April 2026

The study first showed that in patients with atopic dermatitis, higher perceived stress was associated with worse disease severity and higher blood and skin eosinophil levels. In mice, repeated high-platform stress worsened dermatitis, increasing transepidermal water loss, scratching, dermal thickening, and eosinophil accumulation. Eosinophil depletion blunted this stress-driven worsening, showing that eosinophils were required. The authors then identified a distinct subset of prodynorphin-positive (Pdyn+) sympathetic 1 neurons that innervate hairy skin. Functional studies showed that Pdyn+ sympathetic neurons, but not neuropeptide Y-positive (Npy+) sympathetic neurons, were necessary and sufficient to drive stress aggravated dermatitis and eosinophilia. Mechanistically, these neurons recruited eosinophils through CCL11-CCR3 signaling and activated them through eosinophil Adrb2, promoting local inflammatory responses.

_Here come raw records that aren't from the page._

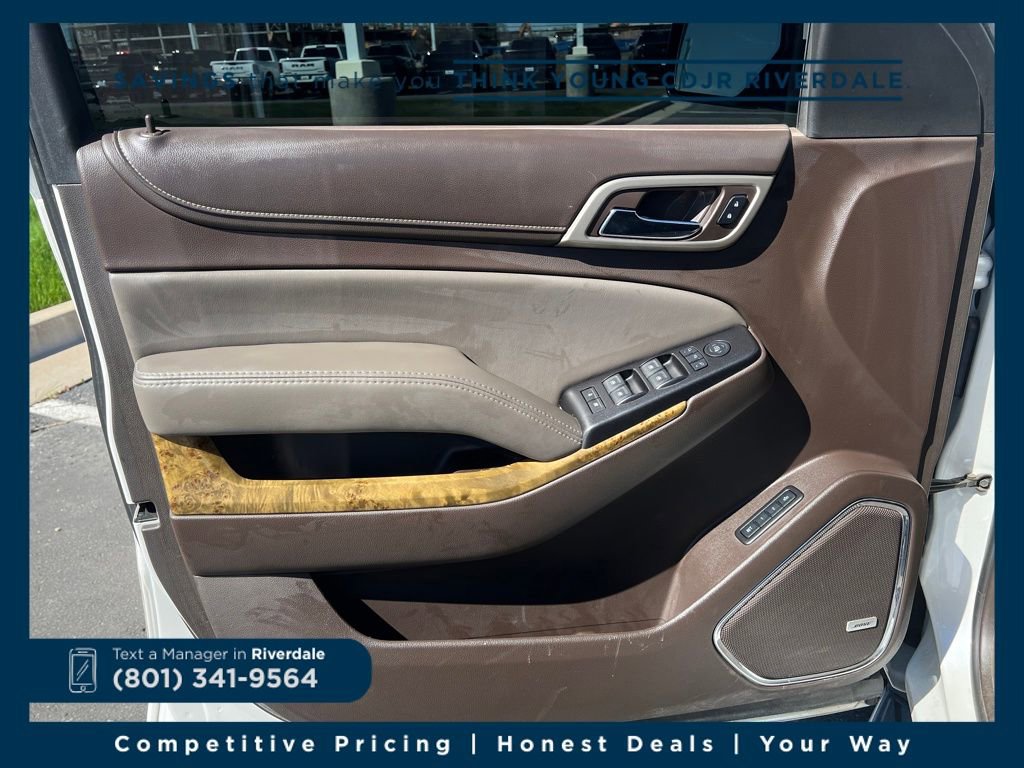 Used 2016 GMC Yukon Denali w/ Open Road Package image 10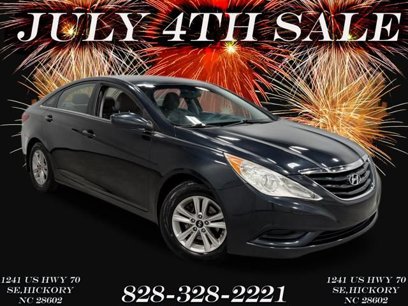 Used 2012 Hyundai Sonata GLS w/ Popular Equipment Pkg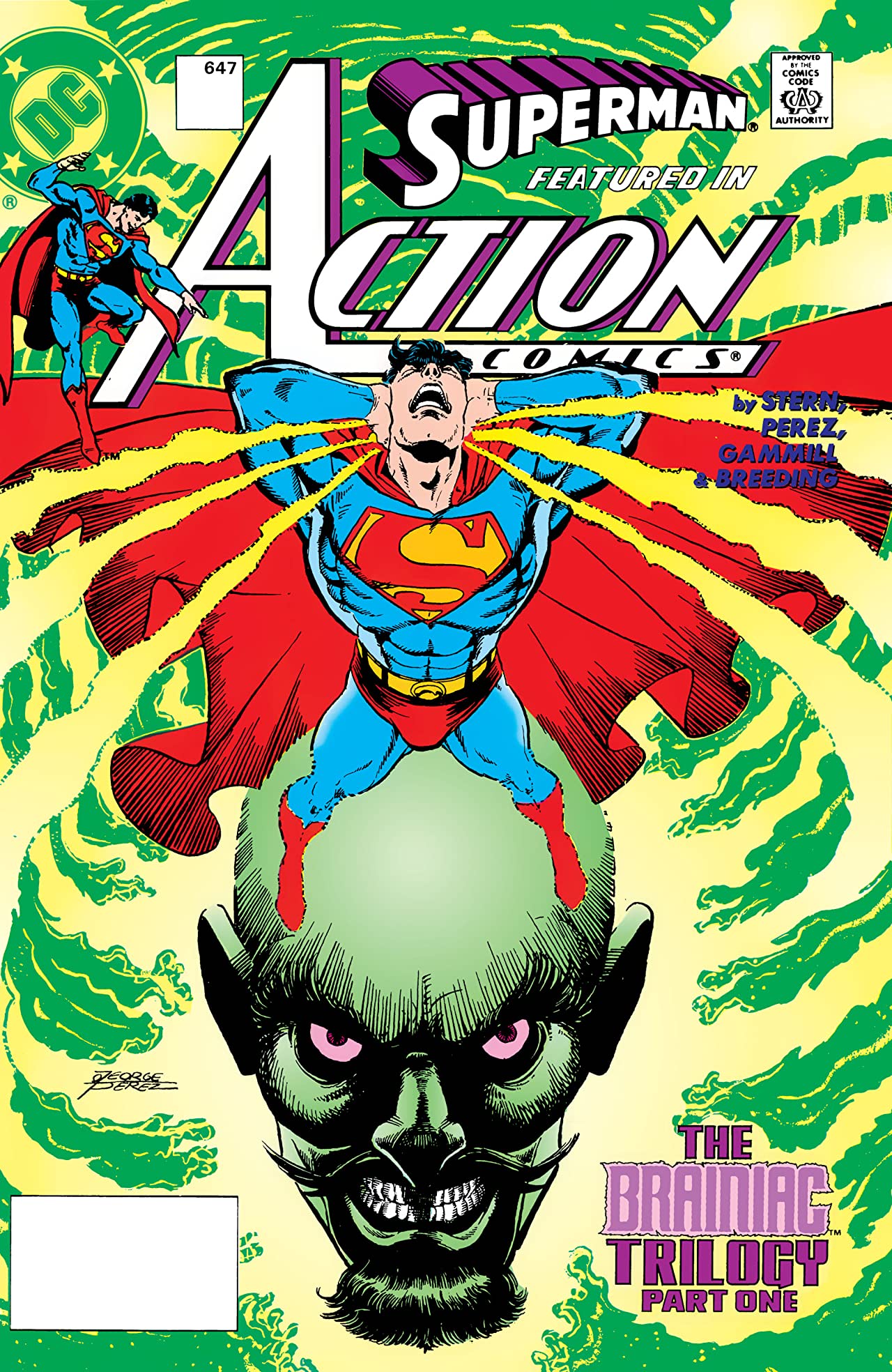Action Comics #647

This is a significant paper because it moves beyond correlation and builds a causal neuroimmune circuit with several complementary approaches. The human cohort gives the work clinical relevance, while the mouse experiments provide mechanistic depth. Another strength is that the authors distinguish between sympathetic neuron subsets rather than treating the sympathetic nervous system as a single uniform stress pathway.

The main limitations are translational. The human data are retrospective and associative, and most of the mechanistic work is in mice. It also remains unclear whether the same circuit operates in human disease, whether it is specific to atopic dermatitis, and how it interacts with established type 2 inflammatory pathways already targeted in clinic.

Overall, this study pushes eosinophil biology into neuroimmunology. It argues that eosinophils are active participants in a defined stress-responsive circuit, not just downstream markers of inflamed skin. The next step is to test whether disrupting this neuro-eosinophil axis can reduce stress-related disease flares.